New York Governor Andrew Cuomo confirmed that the NYC St. Patrick's Day Parade will not go ahead on March 17.
Update, 10:50 pm EST: Governor Cuomo tweeted that NYC St. Patrick's Day Parade organizers have agreed to postpone the event from March 17:
NEWS: The organizers of the St. Patrick’s Day Parade in NYC have agreed to postpone the parade given the evolving #Coronavirus situation.
I thank the parade's leadership for working cooperatively w/ us.
We believe postponing the parade is in the best interest of public health.— Andrew Cuomo (@NYGovCuomo) March 12, 2020
A press release posted on the Governor's website late on March 11 reads: "Today I had several conversations with the organizers of the St. Patrick's Day Parade to determine whether the parade should move forward in light of the evolving coronavirus situation and increased case count in the New York City area," Governor Cuomo said.
"Following those conversations, I recommended and the parade's leadership agreed to postpone this year's parade due to the high density and the large volume of marchers and spectators who attend. While I know the parade organizers did not make this decision lightly, public health experts agree that one of the most effective ways to contain the spread of the virus is to limit large gatherings and close contacts, and I applaud the parade's leadership for working cooperatively with us. While the risk to New Yorkers remains low and we want to avoid social and economic disruptions, we have an obligation to take action to contain the spread of this virus."
Sean Lane, Parade Committee Chair of the St. Patrick's Day Parade and Celebration Committee said, "We thank Governor Cuomo for his decisive leadership in this challenging time.

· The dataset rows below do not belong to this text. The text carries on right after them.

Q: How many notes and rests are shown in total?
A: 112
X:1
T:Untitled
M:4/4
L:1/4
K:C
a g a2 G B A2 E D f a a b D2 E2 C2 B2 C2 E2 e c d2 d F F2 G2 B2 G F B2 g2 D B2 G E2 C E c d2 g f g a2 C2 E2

We look forward to celebrating the 259th St. Patrick's Day Parade with the entire city of New York at a later date."
At the time of this update, no notice of postponement has been shared on the NYC St. Patrick's Day Parade website or Facebook page.

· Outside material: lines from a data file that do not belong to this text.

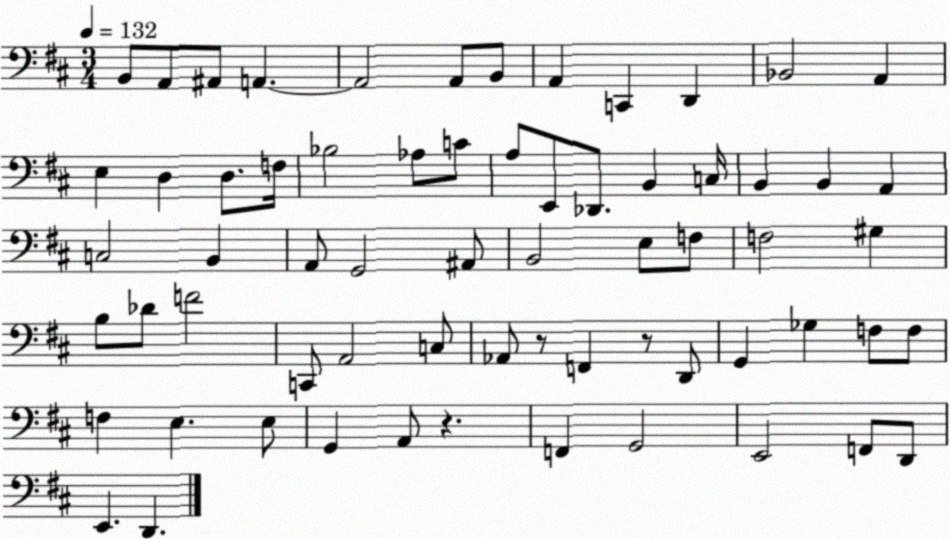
X:1
T:Untitled
M:3/4
L:1/4
K:D
B,,/2 A,,/2 ^A,,/2 A,, A,,2 A,,/2 B,,/2 A,, C,, D,, _B,,2 A,, E, D, D,/2 F,/4 _B,2 _A,/2 C/2 A,/2 E,,/2 _D,,/2 B,, C,/4 B,, B,, A,, C,2 B,, A,,/2 G,,2 ^A,,/2 B,,2 E,/2 F,/2 F,2 ^G, B,/2 _D/2 F2 C,,/2 A,,2 C,/2 _A,,/2 z/2 F,, z/2 D,,/2 G,, _G, F,/2 F,/2 F, E, E,/2 G,, A,,/2 z F,, G,,2 E,,2 F,,/2 D,,/2 E,, D,, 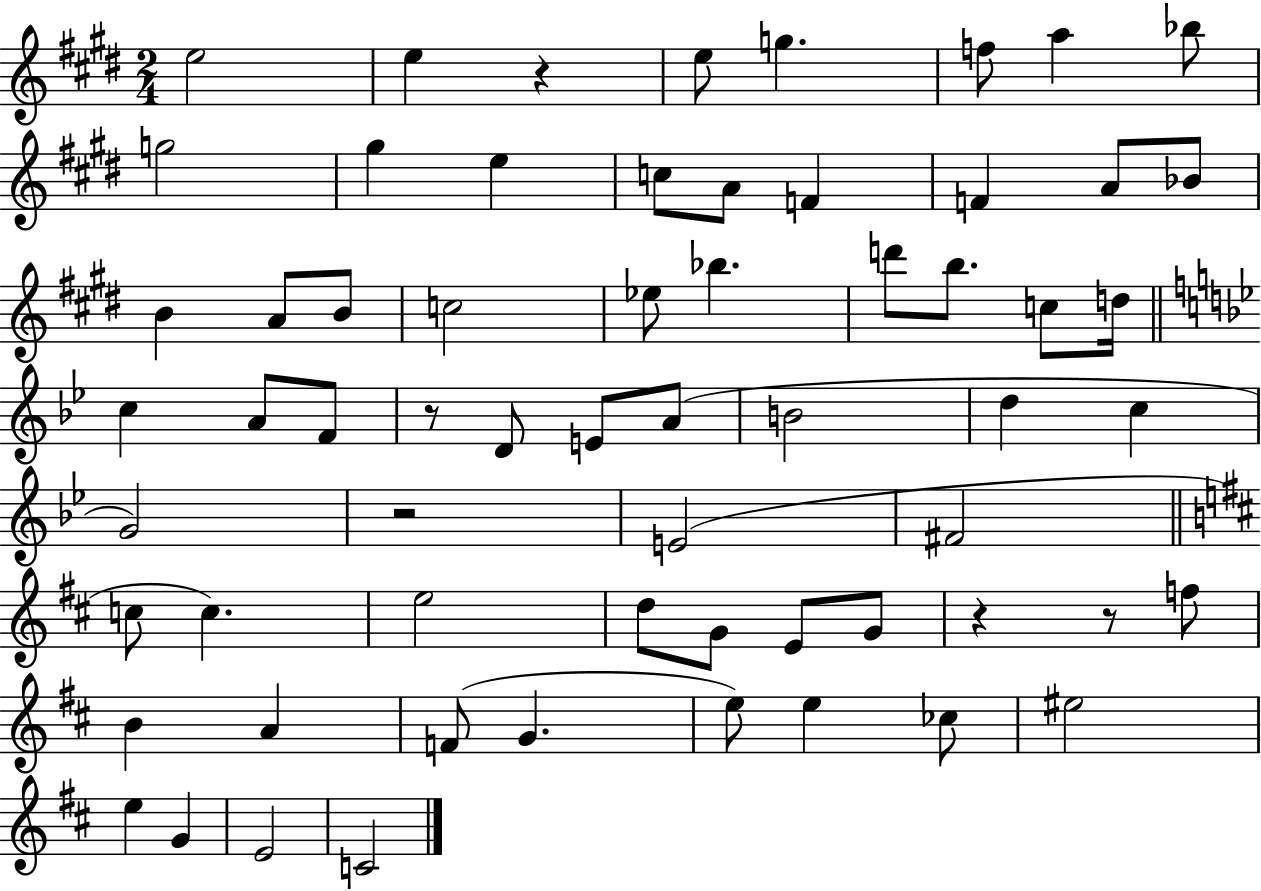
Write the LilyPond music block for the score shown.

{
  \clef treble
  \numericTimeSignature
  \time 2/4
  \key e \major
  e''2 | e''4 r4 | e''8 g''4. | f''8 a''4 bes''8 | \break g''2 | gis''4 e''4 | c''8 a'8 f'4 | f'4 a'8 bes'8 | \break b'4 a'8 b'8 | c''2 | ees''8 bes''4. | d'''8 b''8. c''8 d''16 | \break \bar "||" \break \key bes \major c''4 a'8 f'8 | r8 d'8 e'8 a'8( | b'2 | d''4 c''4 | \break g'2) | r2 | e'2( | fis'2 | \break \bar "||" \break \key d \major c''8 c''4.) | e''2 | d''8 g'8 e'8 g'8 | r4 r8 f''8 | \break b'4 a'4 | f'8( g'4. | e''8) e''4 ces''8 | eis''2 | \break e''4 g'4 | e'2 | c'2 | \bar "|."
}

The below was published at 4 pm on March 11:
The New York City St. Patrick’s Day parade set for Tuesday, March 17, will be canceled by Governor Andrew Cuomo later today, sources connected with the parade told the Irish Voice newspaper, sister publication to IrishCentral.
However, the hope is that the parade, which marched up Fifth Avenue for 258 straight years, will be rescheduled for a date later in 2020.

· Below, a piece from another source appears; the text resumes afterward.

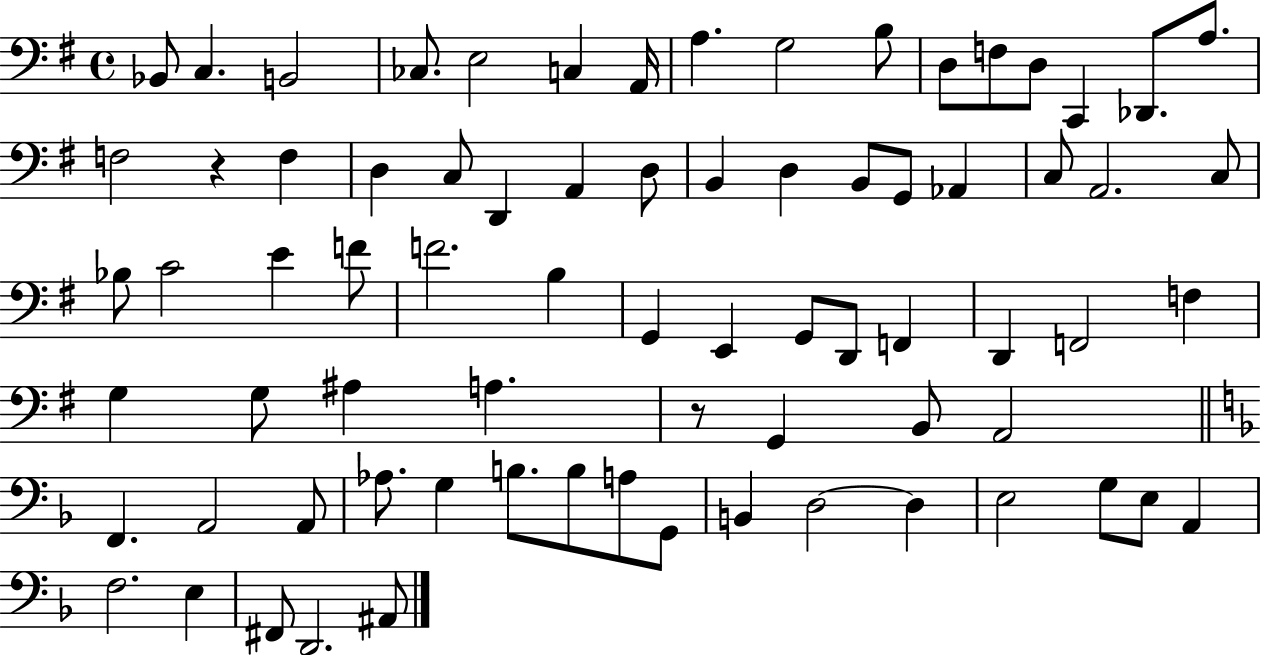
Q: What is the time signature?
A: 4/4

The decision isn’t surprising considering that a number of prominent St. Patrick’s Day parades have been canceled around the country and the world, including the march in Chicago which was announced earlier today.
“Postponing instead of canceling is what’s being talked about,” a New York parade source told the Irish Voice.
“The parade is such an institution and has such a great history and everyone involved knows that.”
Cuomo gave a news conference on Wednesday afternoon in which he discussed the parade – sometimes in a faux Irish accent – and said he would reveal his decision about its fate later in the day.
Giving New Yorkers an update on #Coronavirus. Watch live: https://t.co/JuLCeU2Po9— Andrew Cuomo (@NYGovCuomo) March 11, 2020
Earlier on Wednesday, New York City Mayor Bill de Blasio said of the world’s most famous parades: “We’re talking it through with the parade committee.
"We have to really think about this one because it’s a beloved event, an important event. It’s not a slam dunk to say this is something to be instantly canceled. On the other hand, there are real concerns.”
Several marching bands had already withdrawn from this year’s march because of the spread of the coronavirus, and even if the march had gone ahead, the event would have been smaller in scale with greatly reduced numbers watching from the sidelines.
Earlier, parade chairman Sean Lane had previously posted this note on the parade's website:
"The NYC St. Patrick’s Day parade Inc.™ has been held every year since 1762.
We have received no notice from the authorities about postponement at this point. We recommend checking with your local health officials, government, and where appropriate, your personal physician for guidance."
Lane encouraged the public to be up-to-date on advice from health officials, adding: "We need to work together as a community to protect the most vulnerable among us."